I have used mongo db atlas as cloud database. I have used beautifulsoup4 and requests to scrape the data.
I have scraped the data of top restaurants in Mumbai:
- Restaurant details (name, description, address, geotag, cuisines, timings etc).
- Dishes in the restaurant(name, description, price, offer, discount, tags etc).
- All reviews of the restaurant (text, reviewer, # of likes and comments etc).
I have worked on Restaurant details and Dishes tables:
- Data sanity checks, cleaning.
- Deriving simple insights.
- Using nltk to derive insights from name, description, tags etc.
I have divided the code in three notebooks:
- Final_data_scraping_and_saving_to_mongodb_collection.ipynb
- It contains all the code used to scrape the code from Zomato restaurant site
- and save the data to mongodb.
- Data analysis.ipynb
- It contains data sanity checking, cleaning, creating new columns, analysis and all the plots.
- Rough work for xomato.ipynb - It contains the experimentation code.

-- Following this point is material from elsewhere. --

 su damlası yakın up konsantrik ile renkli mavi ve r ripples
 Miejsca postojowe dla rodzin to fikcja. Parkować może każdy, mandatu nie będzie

I have not used Tableau/PowerBI before and I didn't want to learn it from scratch as it would itself take a weekend at least. So I have shown the plots in the notebooks only, using Matplotlib.
This assignment was my first experience with web scraping to collect big data. I have done a couple of web scraping projects before.
I have really found this project very interesting. I think I will work more on it to make it a complete portfolio level project. Especially the review data analysis.